**Work item**:
Transcribe the data below verbatim from the line with "Raffaello Marble Slabs" to the line with "La Paillote". Include both of those lines.

**Data**:
>>>>>

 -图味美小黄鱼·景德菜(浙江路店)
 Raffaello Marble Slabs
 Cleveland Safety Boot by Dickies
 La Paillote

<<<<<
>>>>>

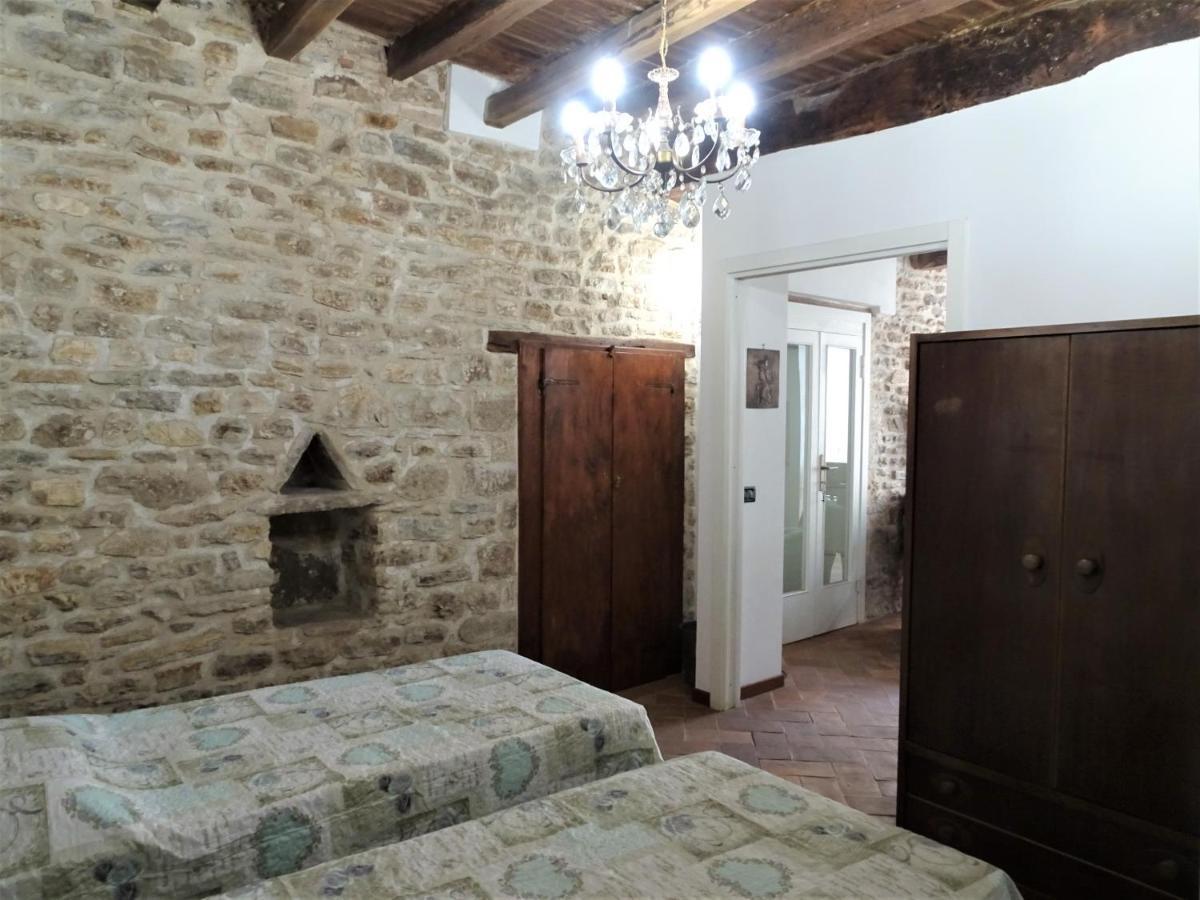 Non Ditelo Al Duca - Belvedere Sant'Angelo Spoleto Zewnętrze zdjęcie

<<<<<

**Response to this task**:
 Raffaello Marble Slabs
 Cleveland Safety Boot by Dickies
 La Paillote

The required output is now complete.